* [Data segment]:
▬▬▬▬▬▬
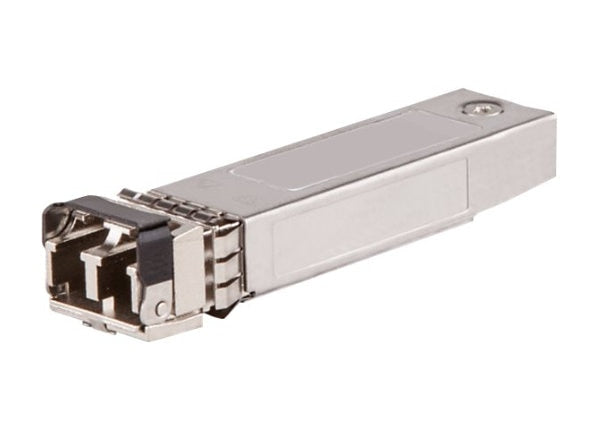 HPE Networking - SFP (mini-GBIC transceiver module - 1GbE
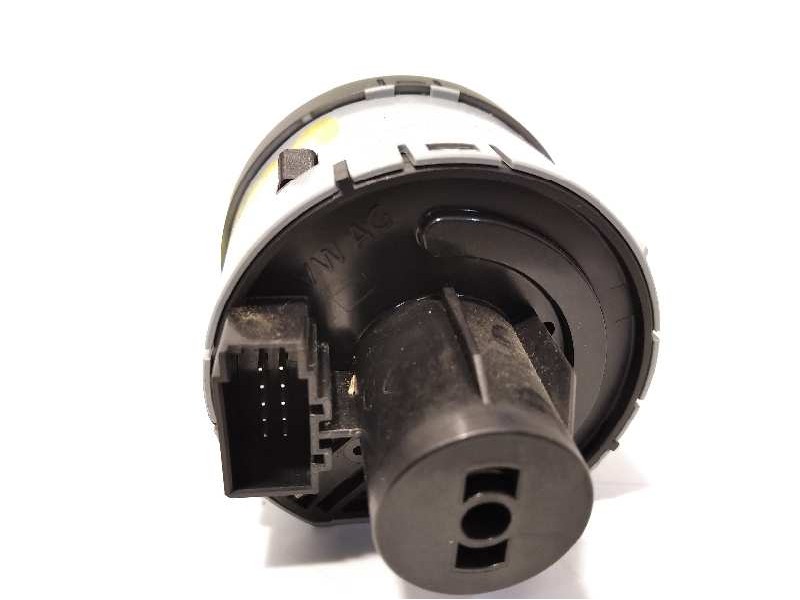 Recambio de mando luces para skoda fabia style referencia OEM IAM 5E0941431F  5E0941431FWHI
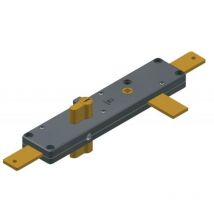Torbel - SERRURE 3PTS COMPOSITE/VOLETS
▬▬▬▬▬▬
* [Exercise requirements]:
Across all the lines above, repeat the wording exactly and omit the pictures.

* [Written solution]:
 HPE Networking - SFP (mini-GBIC transceiver module - 1GbE
 Recambio de mando luces para skoda fabia style referencia OEM IAM 5E0941431F  5E0941431FWHI
Torbel - SERRURE 3PTS COMPOSITE/VOLETS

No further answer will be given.